IEEE Transactions on Biomedical Engineering

Aaron M Mohs, Michael C Mancini, James M Provenzale, Corey F Saba, Karen K Cornell, Elizabeth W Howerth, Shuming Nie


Tumor recurrence following surgery is a common and unresolved medical problem of great importance since surgery is the most widely used treatment for solid-mass tumors worldwide. A contributing factor to tumor recurrence is the presence of residual tumor remaining at or near the surgical site following surgery. Goal: The primary objective of this study was to develop and evaluate an image-guided surgery system based on a near-infrared, handheld excitation source and spectrograph in combination with a widefield video imaging system. Methods: This system was designed to detect the fluorescence of near-infrared contrast agents and, in particular, indocyanine green (ICG). The imaging system was evaluated for its optical performance and ability to detect the presence of ICG in tumors in an ectopic murine tumor model as well as in spontaneous tumors arising in canines. Results: In both settings, an intravenous ICG infusion provided tumor contrast. In both the murine models and surgical specimens from canines, ICG preferentially accumulated in tumor tissue compared to surrounding normal tissue. The resulting contrast was sufficient to distinguish neoplasia from normal tissue; in the canine surgical specimens, the contrast was sufficient to permit identification of neoplasia on the marginal surface of the specimen.
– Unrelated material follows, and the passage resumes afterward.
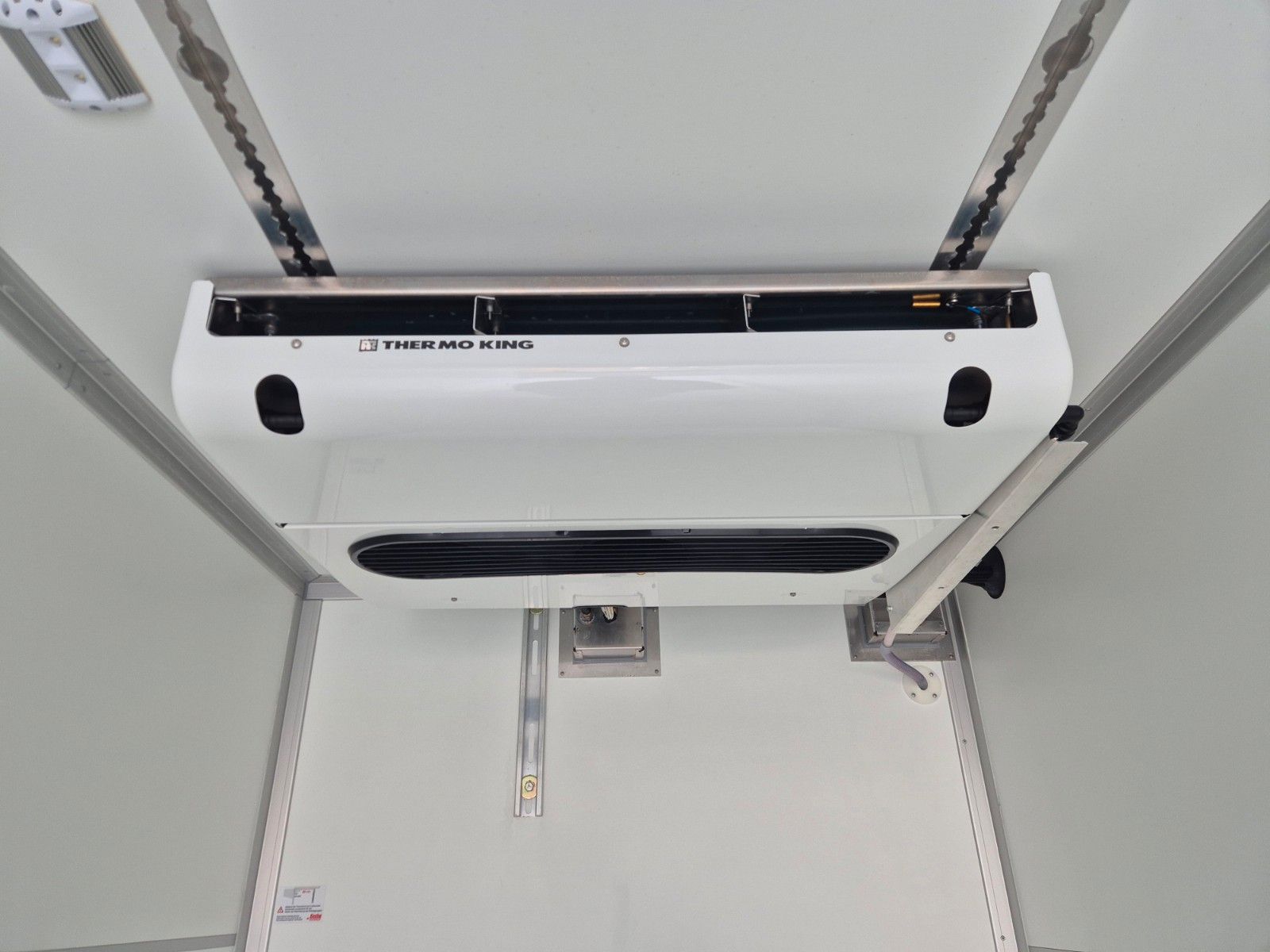 Fahrzeugabbildung Iveco Eurocargo ML160E28 ThermoKing R1200R LBW Tür AHK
Conclusion: These results demonstrate a unique concept in image-guided surgery by combining local excitation and spectroscopy with widefield imaging. Significance: The ability to readily detect ICG in canines with spontaneous tumors in a clinical setting exemplifies the potential for further clinical translation; the promising results of detecting neoplasia on the marginal specimen surface underscore the clinical utility.